Sobald das ileokolische Blut und die Lymphgefäße vollständig vom umgebenden Fett und Bindegewebe befreit sind, verwenden Sie einen fein kalibrierten Messschieber, um die Lymphclearance zu messen. Nehmen Sie Messungen an der Stelle vor, an der die Arterie die rechte Seite der Vena mesenterialis superior kreuzt, und erneut in einem Abstand von 0,1 Zentimetern dazu. Folgen Sie den ileokolischen Gefäßen in proximaler Richtung, um ihre Herkunft aus den oberen mesenterialen Gefäßen zu identifizieren.
Bevor Sie mit der Dissektion fortfahren, verwenden Sie eine fein gebogene Pinzette und eine Sonde, um die Lymphgefäße zu verfolgen und ihr Netzwerk an der Wurzel des D3-Volumens freizulegen. Lokalisieren Sie den Kollektor-Lymphkanal, der in Längsrichtung entlang der linken Seite der Arteria mesenterica superior verläuft. Bewahren Sie dieses Hauptgefäß auf und bewegen Sie sich von ihm aus in zentrifugaler Richtung nach außen, präparieren und trennen Sie seine afferenten Lymphäste auf beiden Seiten.
Beobachten Sie, ob die Arteria ileocolica anterior oder posterior mit der Vena mesenterica superior kreuzt, um ihre anatomische Syntopie zu verstehen. Fahren Sie mit der Präparierung entlang der Arteria mesenterica superior kaudal fort. Messen Sie die Lymphclearance um die Kolikgefäße herum auf die gleiche Weise wie zuvor gezeigt.
Folgen Sie der mittleren Kolikarterie und den sie begleitenden Lymphgeflechten nach oben in das transversale Mesokolon. Insgesamt wurden drei Gläser mit einbalsamierten Körpern aus dem Körperspenderprogramm in die Studie eingeschlossen. Die mittlere lymphatische Clearance für die Arteria ileocolica war bei den Probanden A und B größer als bei Subjekt C.Die lymphatische Clearance für die Arteria colica media war bei Subjekt C größer als bei den Probanden A und B. Die lymphatischen Clearances der ilealen Arterien und der Arteria jejunalis waren bei den Probanden A ähnlich. B und C.Insgesamt waren die Clearances der Kolikarterien signifikant größer als die der Jejunoilealarterien.

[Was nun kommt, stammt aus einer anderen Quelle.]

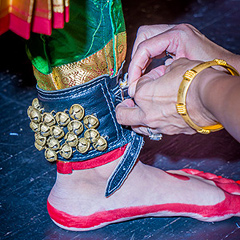 A woman’s hands buckle a band of small brass jingle-bells onto a dancer’s ankle. The dancer’s foot is rimmed in red paint, and she wears colorful silk leggings.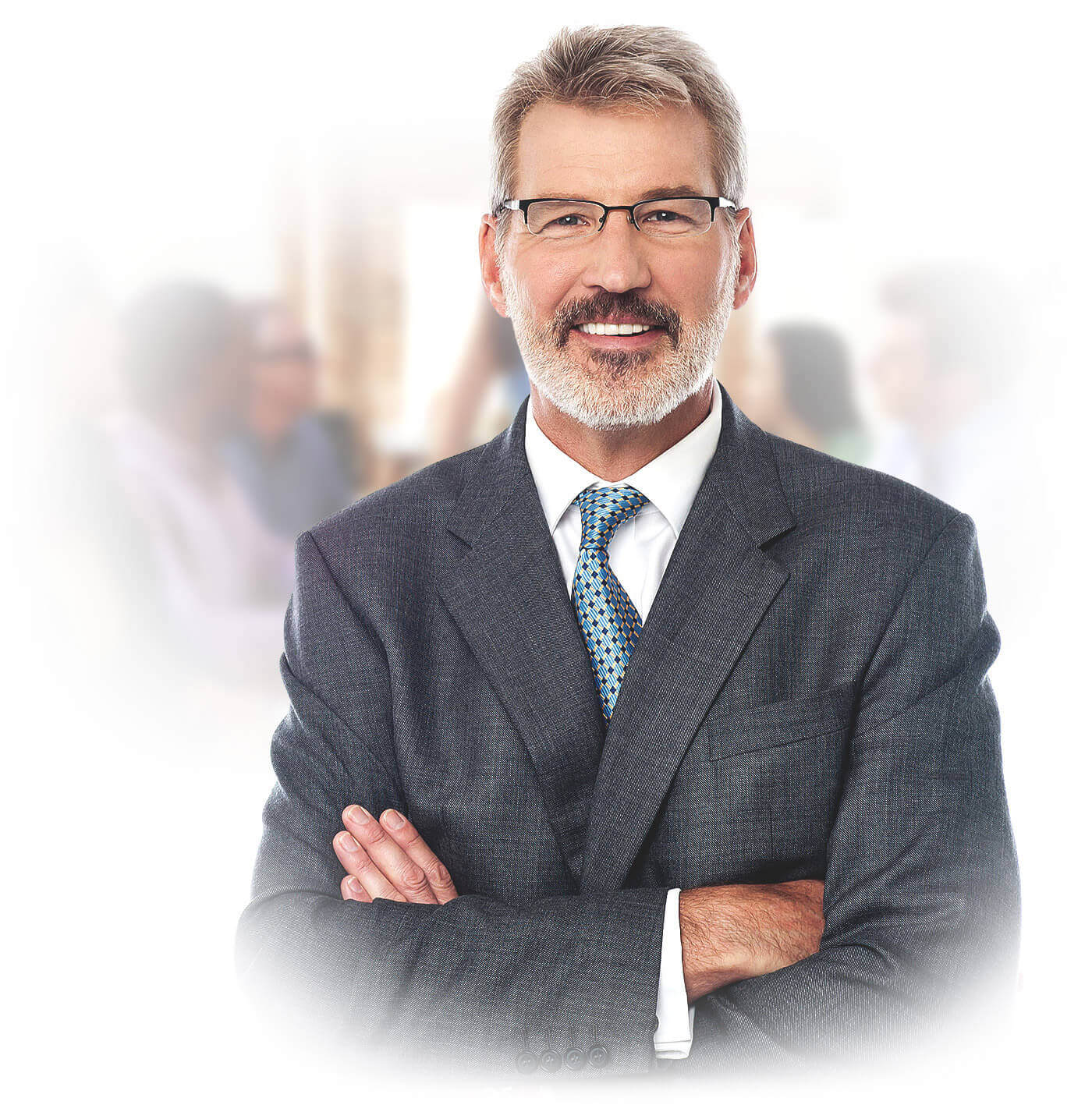 Confident middle-aged businessman in a suit with glasses smiling, standing with arms crossed.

Diese Studie zielt darauf ab, die Durchführbarkeit der Makro- und Mikrodissektion der mesenterischen Lymphgefäße an der Wurzel des Mesenteriums zusammen mit der begleitenden Morphometrie der lymphatischen Clearance darzustellen.
Präzise anatomische Dissektion und morphometrische Kartierung mesenterischer lymphovaskulärer Bündel im D3-Volumen liefern direkte Hinweise für chirurgische und translationsmedizinische Forschungsstrategien beim Darmkrebs. Eine hochauflösende Abbildung der lymphatischen und vaskulären Architektur unterstützt die Zielvalidierung und Risikoreduktion in präklinischen und chirurgischen Innovationsprozessen. Diese Erkenntnisse ermöglichen eine präzisere Modellierung des lymphatischen Befalls, die entscheidend ist, um das systemische Verständnis der Erkrankung in der gastrointestinale Onkologie voranzutreiben.
Dieser anatomische Präparations- und morphometrische Arbeitsablauf verbindet die frühe Entdeckung, die präklinische Modellentwicklung und die translationale Forschung in der gastrointestinale Onkologie.